More Nodes, New Problems

Acceleration of advanced processes, skyrocketing complexity and cost, and concerns about IP availability are raising some difficult questions.


The rollout of leading-edge process nodes is accelerating rather than slowing down, defying predictions that device scaling would begin to subside due to rising costs and the increased difficulty of developing chips at those nodes.

Costs are indeed rising. So are the number of design rules, which reflect skyrocketing complexity stemming from multiple patterning, more devices on a chip, and more physics-related effects associated with three-dimensional transistor density, more functionality, and thinning dielectrics. Add to that an increased level of uncertainty about whether IP will be available at the most advanced nodes, and whether it will be adequately tested and characterized using the latest version of a foundry’s process.

“In the old days, when you would port from one technology to another, it was understood that you’d already done your design so it was no big deal,” said Deepak Sabharwal, vice president of IP engineering at eSilicon. “You scaled the schematics and re-did the layout with this new set of rules.

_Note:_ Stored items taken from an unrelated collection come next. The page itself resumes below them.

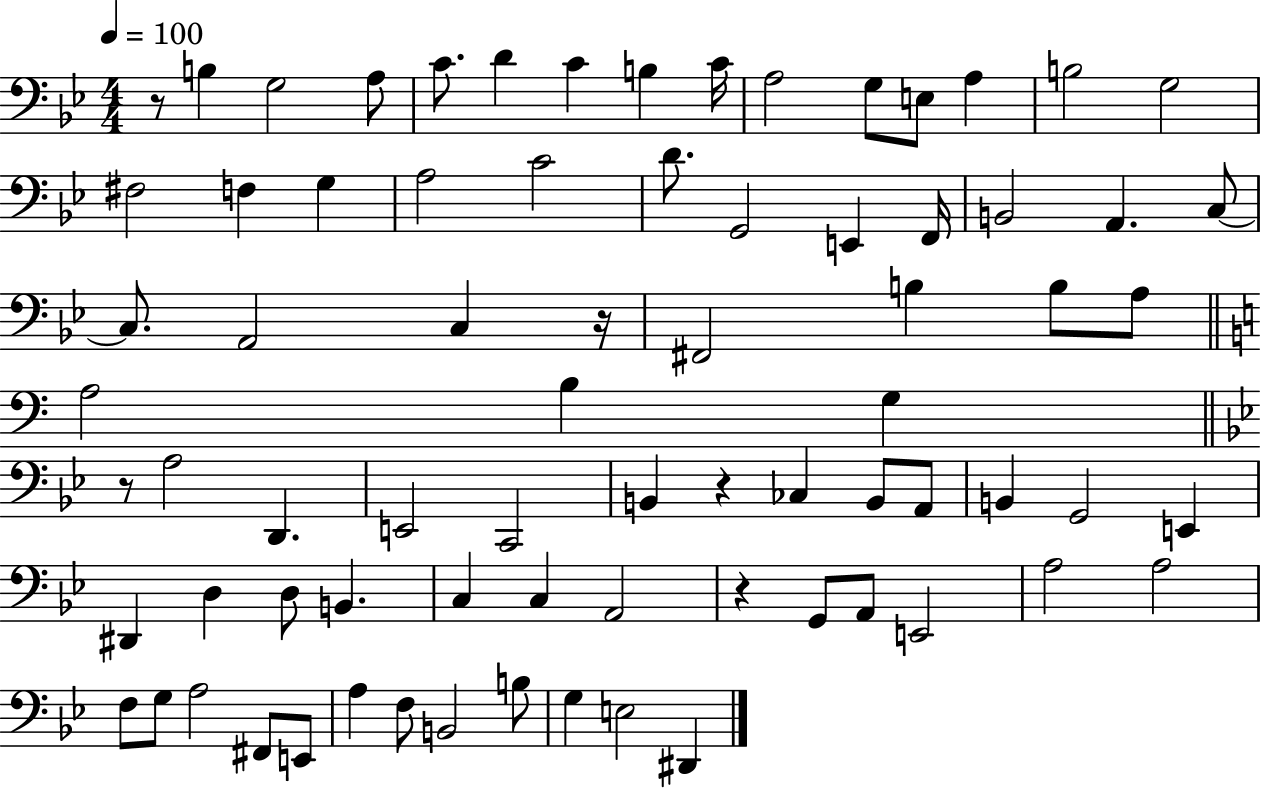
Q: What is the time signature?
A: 4/4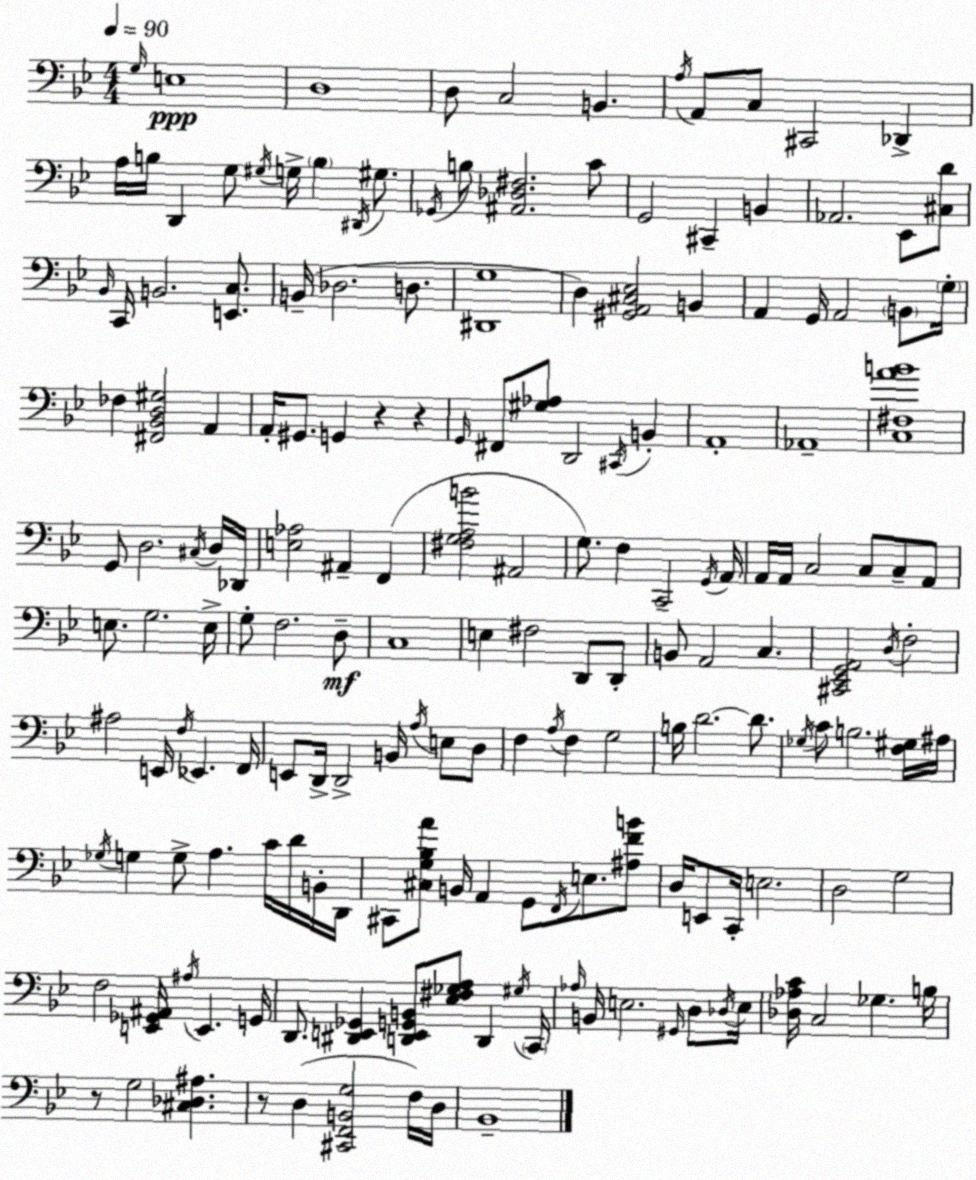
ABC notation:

X:1
T:Untitled
M:4/4
L:1/4
K:Gm
G,/4 E,4 D,4 D,/2 C,2 B,, A,/4 A,,/2 C,/2 ^C,,2 _D,, A,/4 B,/4 D,, G,/2 ^G,/4 G,/4 B, ^D,,/4 ^G,/2 _G,,/4 B,/2 [^A,,_D,^F,]2 C/2 G,,2 ^C,, B,, _A,,2 _E,,/2 [^C,D]/2 _B,,/4 C,,/4 B,,2 [E,,C,]/2 B,,/4 _D,2 D,/2 [^D,,G,]4 D, [^G,,A,,^C,_E,]2 B,, A,, G,,/4 A,,2 B,,/2 G,/4 _F, [^F,,_B,,D,^G,]2 A,, A,,/4 ^G,,/2 G,, z z G,,/4 ^F,,/2 [^G,_A,]/2 D,,2 ^C,,/4 B,, A,,4 _A,,4 [C,^F,AB]4 G,,/2 D,2 ^C,/4 D,/4 _D,,/4 [E,_A,]2 ^A,, F,, [^F,G,A,B]2 ^A,,2 G,/2 F, C,,2 G,,/4 A,,/4 A,,/4 A,,/4 C,2 C,/2 C,/2 A,,/2 E,/2 G,2 E,/4 G,/2 F,2 D,/2 C,4 E, ^F,2 D,,/2 D,,/2 B,,/2 A,,2 C, [^C,,_E,,G,,A,,]2 D,/4 F,2 ^A,2 E,,/4 F,/4 _E,, F,,/4 E,,/2 D,,/4 D,,2 B,,/4 A,/4 E,/2 D,/2 F, A,/4 F, G,2 B,/4 D2 D/2 _G,/4 C/2 B,2 [F,^G,]/4 ^A,/4 _G,/4 G, G,/2 A, C/4 D/4 B,,/4 D,,/4 ^C,,/2 [^C,G,_B,A]/2 B,,/4 A,, G,,/2 F,,/4 E,/2 [^A,FB]/2 D,/4 E,,/2 C,,/4 E,2 D,2 G,2 F,2 [E,,_G,,^A,,]/4 ^A,/4 E,, G,,/4 D,,/2 [^D,,E,,_G,,] [D,,E,,G,,B,,]/2 [_E,^F,_G,A,]/2 D,, ^G,/4 C,,/4 _A,/4 B,,/4 E,2 ^G,,/4 D,/2 _D,/4 E,/4 [_D,_A,C]/4 C,2 _G, B,/4 z/2 G,2 [^C,_D,^A,] z/2 D, [^C,,F,,B,,G,]2 F,/4 D,/4 _B,,4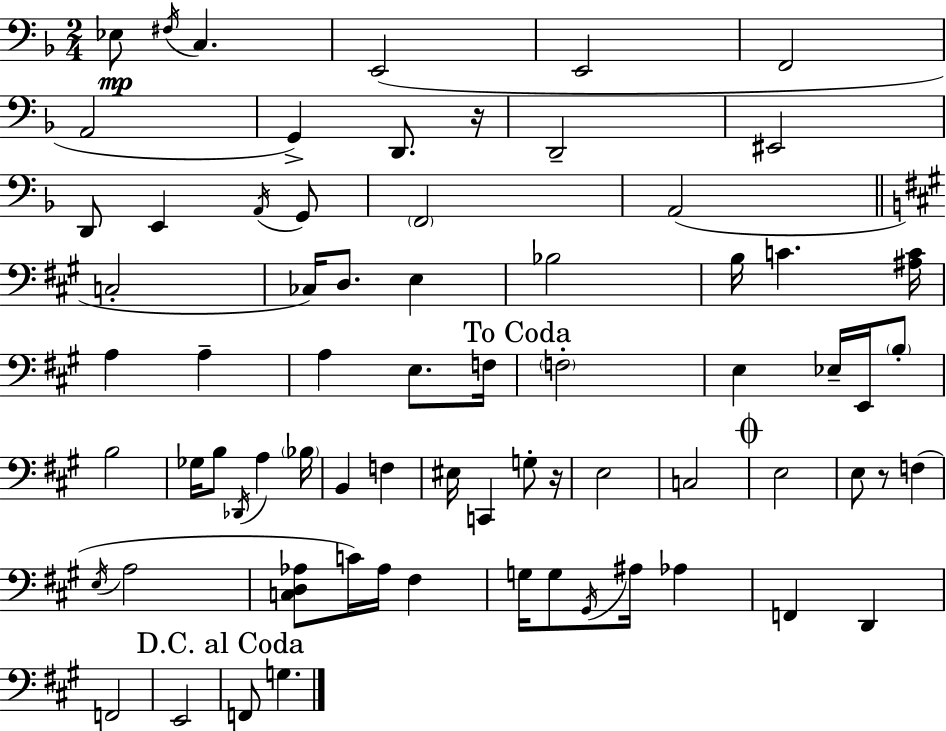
{
  \clef bass
  \numericTimeSignature
  \time 2/4
  \key f \major
  ees8\mp \acciaccatura { fis16 } c4. | e,2( | e,2 | f,2 | \break a,2 | g,4->) d,8. | r16 d,2-- | eis,2 | \break d,8 e,4 \acciaccatura { a,16 } | g,8 \parenthesize f,2 | a,2( | \bar "||" \break \key a \major c2-. | ces16) d8. e4 | bes2 | b16 c'4. <ais c'>16 | \break a4 a4-- | a4 e8. f16 | \mark "To Coda" \parenthesize f2-. | e4 ees16-- e,16 \parenthesize b8-. | \break b2 | ges16 b8 \acciaccatura { des,16 } a4 | \parenthesize bes16 b,4 f4 | eis16 c,4 g8-. | \break r16 e2 | c2 | \mark \markup { \musicglyph "scripts.coda" } e2 | e8 r8 f4( | \break \acciaccatura { e16 } a2 | <c d aes>8 c'16) aes16 fis4 | g16 g8 \acciaccatura { gis,16 } ais16 aes4 | f,4 d,4 | \break f,2 | e,2 | \mark "D.C. al Coda" f,8 g4. | \bar "|."
}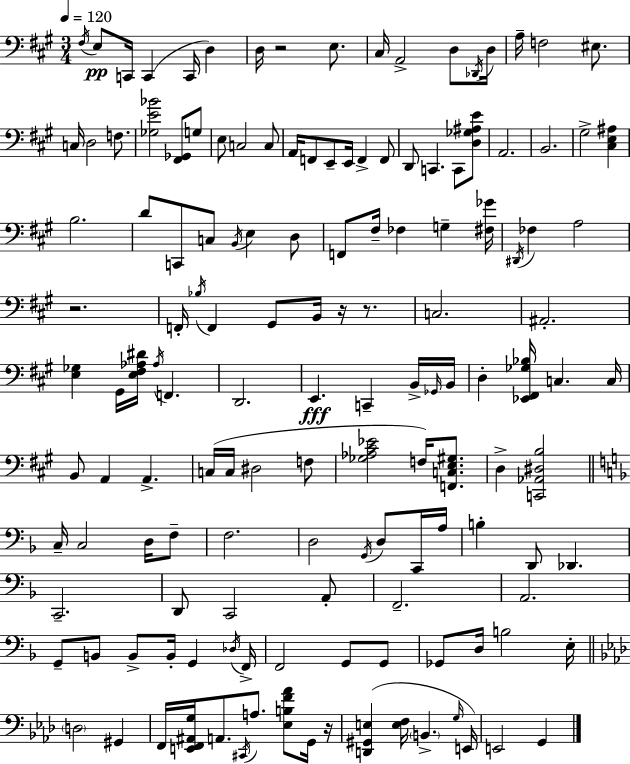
X:1
T:Untitled
M:3/4
L:1/4
K:A
^F,/4 E,/2 C,,/4 C,, C,,/4 D, D,/4 z2 E,/2 ^C,/4 A,,2 D,/2 _D,,/4 D,/4 A,/4 F,2 ^E,/2 C,/4 D,2 F,/2 [_G,E_B]2 [^F,,_G,,]/2 G,/2 E,/2 C,2 C,/2 A,,/4 F,,/2 E,,/2 E,,/4 F,, F,,/2 D,,/2 C,, C,,/2 [D,_G,^A,E]/2 A,,2 B,,2 ^G,2 [^C,E,^A,] B,2 D/2 C,,/2 C,/2 B,,/4 E, D,/2 F,,/2 ^F,/4 _F, G, [^F,_G]/4 ^D,,/4 _F, A,2 z2 F,,/4 _B,/4 F,, ^G,,/2 B,,/4 z/4 z/2 C,2 ^A,,2 [E,_G,] ^G,,/4 [E,^F,_A,^D]/4 _A,/4 F,, D,,2 E,, C,, B,,/4 _G,,/4 B,,/4 D, [_E,,^F,,_G,_B,]/4 C, C,/4 B,,/2 A,, A,, C,/4 C,/4 ^D,2 F,/2 [_G,_A,^C_E]2 F,/4 [F,,C,E,^G,]/2 D, [C,,_A,,^D,B,]2 C,/4 C,2 D,/4 F,/2 F,2 D,2 G,,/4 D,/2 C,,/4 A,/4 B, D,,/2 _D,, C,,2 D,,/2 C,,2 A,,/2 F,,2 A,,2 G,,/2 B,,/2 B,,/2 B,,/4 G,, _D,/4 F,,/4 F,,2 G,,/2 G,,/2 _G,,/2 D,/4 B,2 E,/4 D,2 ^G,, F,,/4 [E,,F,,^A,,G,]/4 A,,/2 ^C,,/4 A,/2 [_E,B,F_A]/2 G,,/4 z/4 [D,,^G,,E,] [E,F,]/4 B,, G,/4 E,,/4 E,,2 G,,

The technology node is just a number, and it didn’t matter whether it was 40nm or 90nm. It was all the same essentially. The expectation was also that, in terms of resources and effort, if I had a design done in a previous node, I could re-use a lot of it and advance quickly to the next node.”

That worked well enough with two-dimensional structures, but it changed significantly with the rollout of finFETs.

“Devices are sitting vertically, so what’s limiting the silicon area now is metal layers,” said Sabharwal. “What the foundries have been working on is how to get to metal layers with a tighter pitch than was done in a previous node. The design rules are absolutely Draconian now. Design rule manuals are now thousands of pages, and the layout teams are pulling their hair out figuring out how to make changes without impacting another layer. It’s like a domino effect, where you make a small change in the design and it impacts 10 other things. Today, designs are put together so tightly and so finely, with absolutely tight tolerances and margins everywhere, that things become very tough.”

This also means designers and layout engineers need to work together on a daily basis, because if the layout team makes one major adjustment somewhere, it could create issues somewhere else. Still, while the problems stack up, often literally, the migration schedule is accelerating for some companies.

“The transition from 90nm to 65nm took almost four years,” observed Tom Wong, business development director in the IP group at Cadence. “From 65nm to 55nm and then to 40nm took almost three years. Even moving from 40nm planar to 28nm high-k/metal gate (HKMG) took approximately three years. Then something happened. From 28nm HKMG to 20nm took about two years. Then things start accelerating. From 20nm HKMG to 16nm finFET took less than two years. 16nm to 14nm took less than one year, and then to 10nm. We are presently at 7nm, even though 10nm wafers just started production less than one year ago.”

Compounding this acceleration, as technologies reached these fine geometries one would expect fewer foundries would be participating in this migration due to the extensive R&D and the immense CapEx costs for new fabs, he said. “The reality is very different. At least four major companies/foundries are participating in 16nm and finer geometries. Even at 7nm, there are at least three companies vying for a leading position.”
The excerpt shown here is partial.